**Required action**
Look below for the line containing "Recombinant human CNTF" and the line containing "anti-Exportin 4 (XPO4) (N-Term) antibody", then set down both and every line between them exactly, without pictures.

**Records for this task**
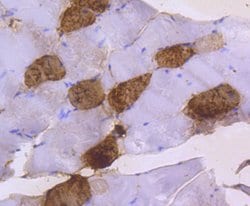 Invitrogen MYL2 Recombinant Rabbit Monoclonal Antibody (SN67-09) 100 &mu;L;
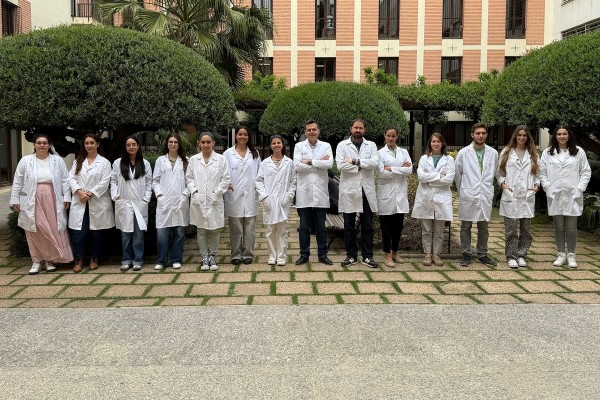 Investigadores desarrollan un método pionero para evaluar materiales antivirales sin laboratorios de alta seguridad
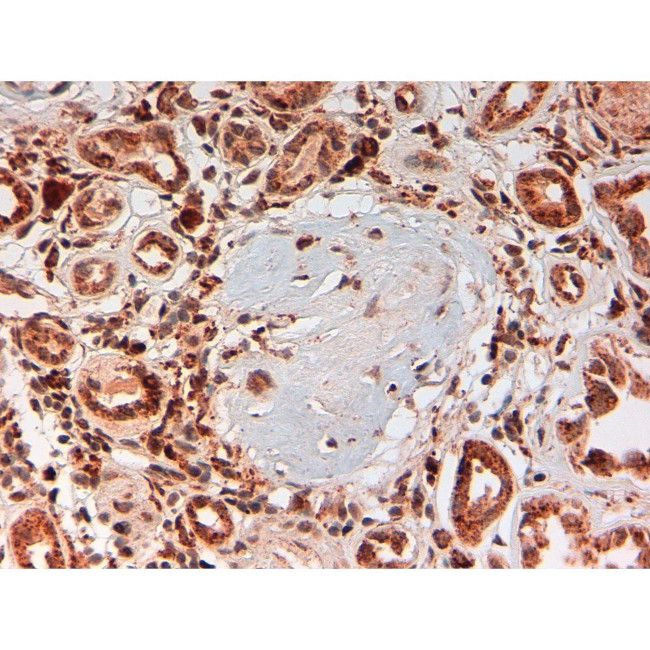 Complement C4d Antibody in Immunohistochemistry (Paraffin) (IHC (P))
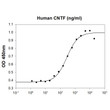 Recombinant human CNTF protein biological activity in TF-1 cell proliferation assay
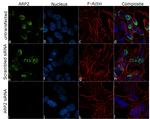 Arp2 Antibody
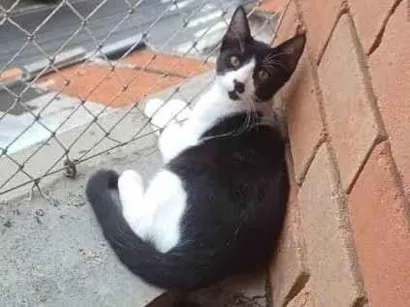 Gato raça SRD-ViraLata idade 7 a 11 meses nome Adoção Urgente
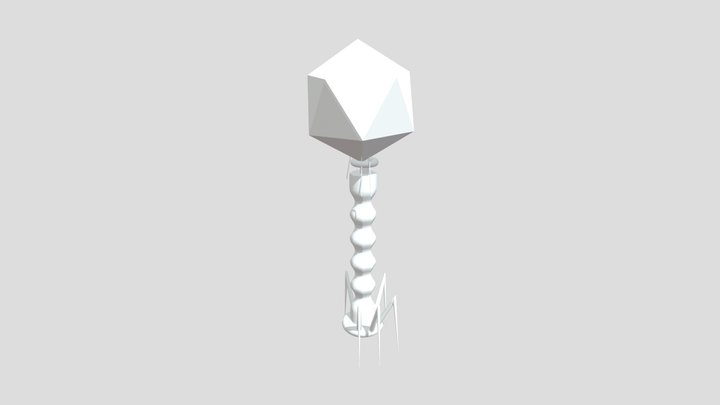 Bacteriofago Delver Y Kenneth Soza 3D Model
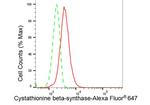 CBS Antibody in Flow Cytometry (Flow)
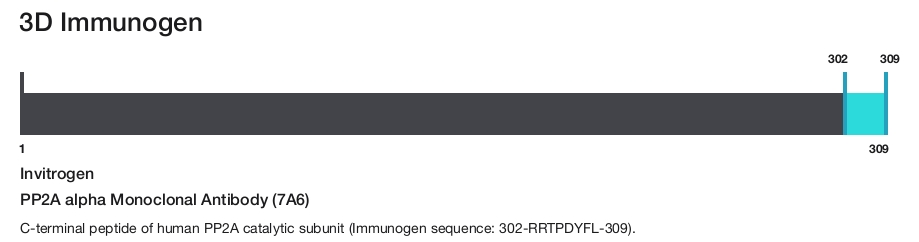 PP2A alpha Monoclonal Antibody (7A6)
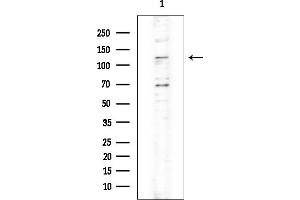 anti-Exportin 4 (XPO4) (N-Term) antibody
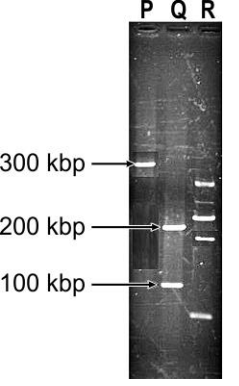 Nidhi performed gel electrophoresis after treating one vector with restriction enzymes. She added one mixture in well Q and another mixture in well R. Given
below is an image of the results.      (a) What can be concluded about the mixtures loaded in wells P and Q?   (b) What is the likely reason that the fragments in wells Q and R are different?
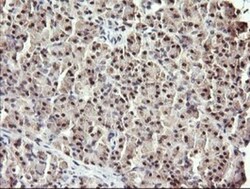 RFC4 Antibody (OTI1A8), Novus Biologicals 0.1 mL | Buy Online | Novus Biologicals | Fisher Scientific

...

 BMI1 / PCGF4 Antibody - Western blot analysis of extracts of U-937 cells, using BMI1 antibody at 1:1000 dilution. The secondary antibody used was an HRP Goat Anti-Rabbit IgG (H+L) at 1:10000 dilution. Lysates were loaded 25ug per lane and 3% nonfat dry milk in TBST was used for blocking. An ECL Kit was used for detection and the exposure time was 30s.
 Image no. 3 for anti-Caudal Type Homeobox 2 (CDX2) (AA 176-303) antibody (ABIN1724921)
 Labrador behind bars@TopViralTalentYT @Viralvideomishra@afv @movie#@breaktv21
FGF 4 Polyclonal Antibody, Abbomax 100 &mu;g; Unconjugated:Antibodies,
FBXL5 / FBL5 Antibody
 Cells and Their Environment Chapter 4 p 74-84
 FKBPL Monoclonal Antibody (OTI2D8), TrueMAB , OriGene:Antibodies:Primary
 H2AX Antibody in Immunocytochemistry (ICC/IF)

--

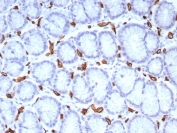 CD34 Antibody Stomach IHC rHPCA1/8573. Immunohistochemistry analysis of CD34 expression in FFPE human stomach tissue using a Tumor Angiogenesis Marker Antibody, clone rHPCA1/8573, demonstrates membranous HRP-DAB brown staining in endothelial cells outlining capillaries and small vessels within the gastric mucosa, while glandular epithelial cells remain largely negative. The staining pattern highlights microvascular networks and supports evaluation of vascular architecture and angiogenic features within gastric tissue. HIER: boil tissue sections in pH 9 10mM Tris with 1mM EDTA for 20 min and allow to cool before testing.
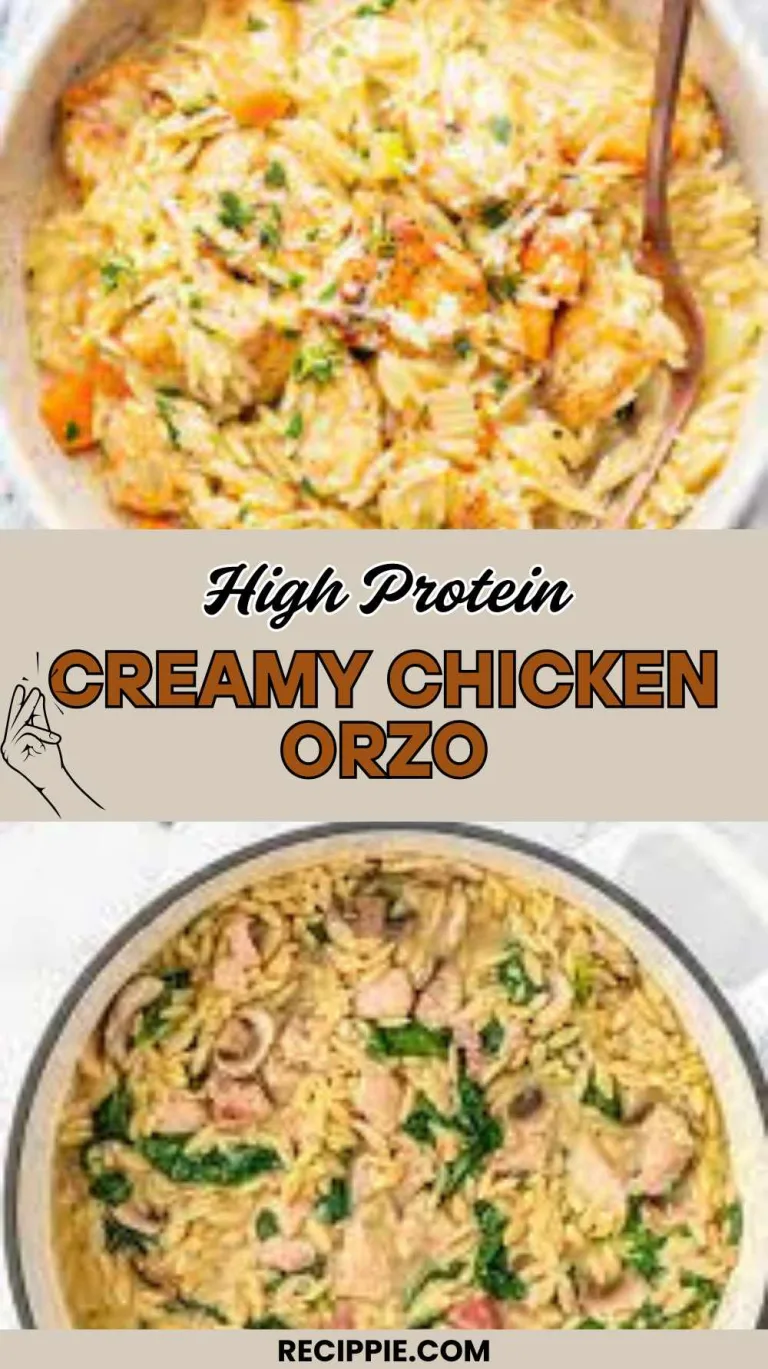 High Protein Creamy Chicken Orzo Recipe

**Task answer**
 Recombinant human CNTF protein biological activity in TF-1 cell proliferation assay
 Arp2 Antibody
 Gato raça SRD-ViraLata idade 7 a 11 meses nome Adoção Urgente
 Bacteriofago Delver Y Kenneth Soza 3D Model
 CBS Antibody in Flow Cytometry (Flow)
 PP2A alpha Monoclonal Antibody (7A6)
 anti-Exportin 4 (XPO4) (N-Term) antibody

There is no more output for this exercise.